TTIP: Opportunities and threats for Europe’s power sector and energy-intensive industries
Signing the transatlantic free-trade agreement could increase Europe’s energy security. The trick is how to compete with American companies that are already using cheaper energy and don’t have to comply with the same restrictions on CO2 emissions.
The 10th round of negotiations of the Transatlantic Trade and Investment Partnership agreement, or TTIP as it is known, was held in Brussels in July 2015. In the middle of the talks, the European Commission held an open house for stakeholders, where representatives of about 70 different private and public entities had an opportunity to present their comments and demands concerning the agreement under negotiation. Central Europe Energy Partners, of which Wardyński & Partners is a member, was one of the groups presenting the position of European power and energy-intensive industries.

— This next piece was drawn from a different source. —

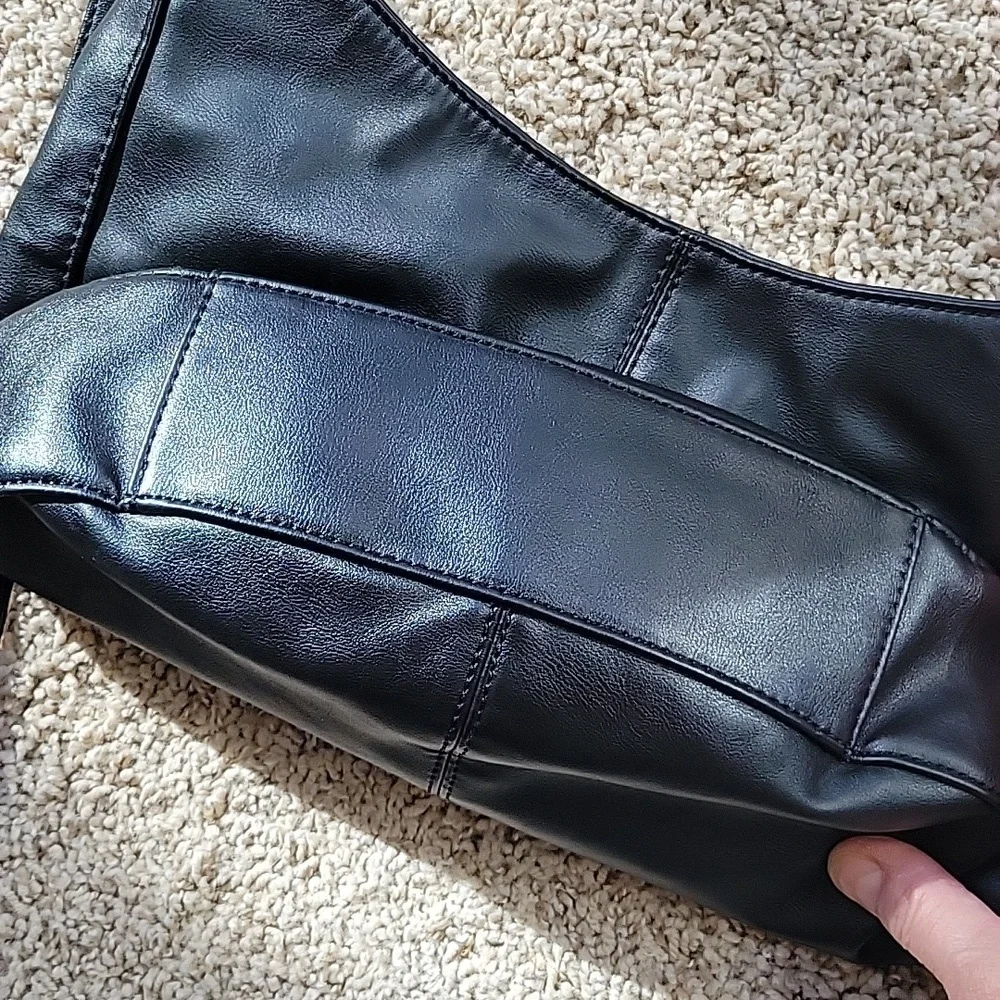 FRYE AND CO. BLACK CROSSBODY PURSE - Picture 6 of 11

Representatives from this sector stressed one fundamental difference between the American and European energy markets, namely that the US is on the way to achieving energy self-sufficiency, while Europe is dependent on energy imports. They argued that TTIP can be a tool that brings Europe greater energy security by ensuring it supplies of energy from stable American sources—primarily liquefied natural gas. It is undisputed that European industry perceives this potential and hopes to gain access to cheaper American energy.
But cheaper energy also means lower production costs for energy-intensive industry in the US. There is visible reindustrialisation underway, with factories being moved there from Europe. It was pointed out that over 50% of the investment in the American chemical industry is now being made by European investors. Producers of artificial fertilisers stress that energy costs represent up to 60% of their production costs, while the prices for electricity and gas in the US are only a third what they are in the EU.
Another problem for the sector is restrictions on CO2 emissions connected with the EU’s increasingly strict climate policy. Per capita CO2 emissions are twice as high in the US as they are in the EU. As a result, the costs of Europe’s ambitious climate policy reduce the competitiveness of its energy-intensive sector. This issue was ignored in the report prepared at the beginning of this year by the European Parliament on the effect of TTIP on the European energy market and industry.
For these reasons, representatives of the power industry and energy-intensive sector called for introduction of at least 10-year grace periods for reduction of duties on energy-intensive goods, such as refinery products, petrochemical products, fertilisers, steel and cement, and inclusion in the agreement of protective clauses allowing for increases in import duties on these goods. The European Commission’s promise that TTIP will not affect the application of REACH (the Regulation on Registration, Evaluation, Authorisation and Restriction of Chemicals), which will cover all enterprises selling more than one tonne a year of chemicals products in EU territory, was also stressed.
In the view of representatives of the power industry and energy-intensive sector, the prospect of opening of the European market to competition from the United States should encourage European institutions to take actions to improve the conditions for operation of these sectors. With respect to climate policy, demands were raised to depart from the strong decarbonisation trend and to make special exceptions for industry. It was suggested, for example, that the power industry and energy-intensive sector be exempt from the emissions trading system, or awarded 100% free emissions rights while eliminating the risk of carbon leakage. Such exemptions or special entitlements would remain in force until CO2 emissions in the US become comparable to emissions in the EU.
The 11th round of TTIP negotiations is scheduled for this autumn in the US. It is clear that issues concerning energy, the power industry, and the energy-intensive sector will be an important element of the talks.